猫の発情期とは?

発情は、猫が繁殖可能な状態になったときに起こる生理的な変化です。メスの場合、生後半年~1年あたりで初めての発情がやってきます。
発情期は日照時間と関連しており、実験的には14時間を超えて光を浴びるサイクルを作ることで発情が誘発されます。日本では、3月から9月ごろにかけて可照時間(昼の長さ)が長くなるため、この時期に発情が訪れやすく、特に春(3~5月)がピークといわれています。
太陽光だけでなく人工の光でも誘発されるため、室内で飼われていれば日照時間に関わらず発情が起こる可能性があります。
一方、オスの発情期は決まっておらず、性的に成熟した生後7~9か月ごろになると交尾が可能に。
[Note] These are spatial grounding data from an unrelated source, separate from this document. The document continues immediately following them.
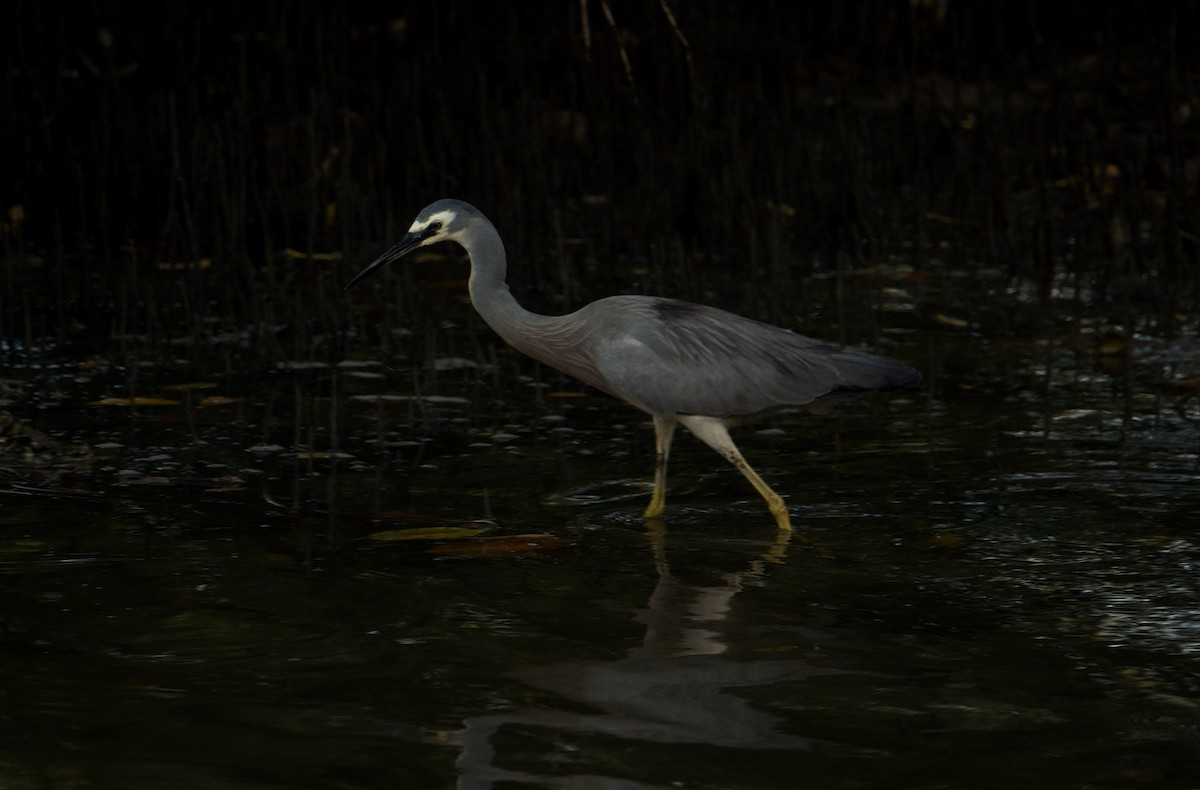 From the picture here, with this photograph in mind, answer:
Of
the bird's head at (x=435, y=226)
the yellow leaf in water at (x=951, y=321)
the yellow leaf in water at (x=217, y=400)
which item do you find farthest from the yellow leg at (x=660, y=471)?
the yellow leaf in water at (x=951, y=321)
発情したメスのフェロモンや鳴き声などに誘発されて、オスも発情すると考えられています。
発情期の猫が見せる3つのサイン

発情期を迎えた猫は、どんな行動をとるのでしょうか。オスとメス両方に見られる特徴についてみてきましょう。
1.落ち着きがなくなる
メスは、オスと出会う機会を求めて落ち着きがなくなります。オスも、発情したメスの鳴き声や匂いに誘われて、ソワソワとし始めます。脱走や迷子の危険性もあるので注意が必要です。
2.大きな声で鳴くことが増える
「うおーん」と叫ぶような大きな声でメスが鳴くのに対し、オスはそれにこたえるように人間の赤ちゃんのような声で鳴きます。いずれも日ごろ聞く鳴き声とは異なった声を出します。
3.”スプレー”行為をする
少量の濃い尿を壁や家具などに吹きかけるスプレー行為。発情期を迎えたメスは、優秀なオスと交尾するために、オスはメスへのアピールのためにスプレー行為をします。
オスとメスの発情期の違いは?

発情期を迎えたメスと、オスでは、共通する特徴がある一方でやや異なる面もあります。それぞれの行動についても確認していきましょう。
メスの特徴
大きな特徴としては、腰を上げて尾を倒し、交尾を受け入れる姿勢(ロードシス)をとることが挙げられます。
また、床をゴロゴロ転がって体を擦りつけたり、食べる量が減ったりする猫もいます。
オスの特徴
すでに解説したように、オスは発情したメスに反応して行動が変化していきます。
外に出たがったり、鳴き続けたりといったこと以外に、攻撃性が増すこともあります。
他のオスにメスを取られまいとする本能が働き、飼い主にも攻撃的になることがあります。
不妊・去勢手術のメリット・デメリット

普段とは違った行動を見せる発情期の猫。猫はもちろん、人間にとってもストレスがかかります。繁殖の予定がなければ、不妊・去勢手術を検討するのも一つの手です。
手術を行ううえでのメリットとデメリットについても学んでいきましょう。
メリット
- 鳴き声やマーキング、徘徊など、発情期に見られる行動がなくなる/大幅に減少する
- 性的欲求や興奮からくるストレスを軽減できる
- 望まない繁殖や、飼い主が知らない間の妊娠などのリスクを回避できる
- メスであれば、子宮蓄膿症や卵巣腫瘍、乳腺腫瘍の、オスであれば、精巣腫瘍や前立腺疾患といった病気を予防できる
デメリット
- 手術をすると、二度と繁殖できなくなる
- 全身麻酔リスク、薬剤アレルギーや急性心不全などが起こるリスクがある。
- •食欲が増したり、性ホルモンが減ることで基礎代謝率が下がるために太りやすくなる。
まとめ

猫が突然大きな声で鳴いたり、落ち着きがなくなったりすると、飼い主は不安や戸惑いを感じるかもしれません。しかし、発情は猫にとって子孫を残そうとする本能からくる自然なもの。
叱ったり、無理に抑えるのではなく、「今はそういう時期なんだ」と理解することが大切です。
一方で、発情期の行動は猫自身のストレスや、病気のリスクにもつながります。
繁殖を望まないのであれば、去勢・不妊手術を検討することをおすすめします。
悩んだり迷った際には、ぜひ獣医師にも相談を。
正しい知識と理解をもって接することで、愛猫との毎日がより快適で幸せなものになります。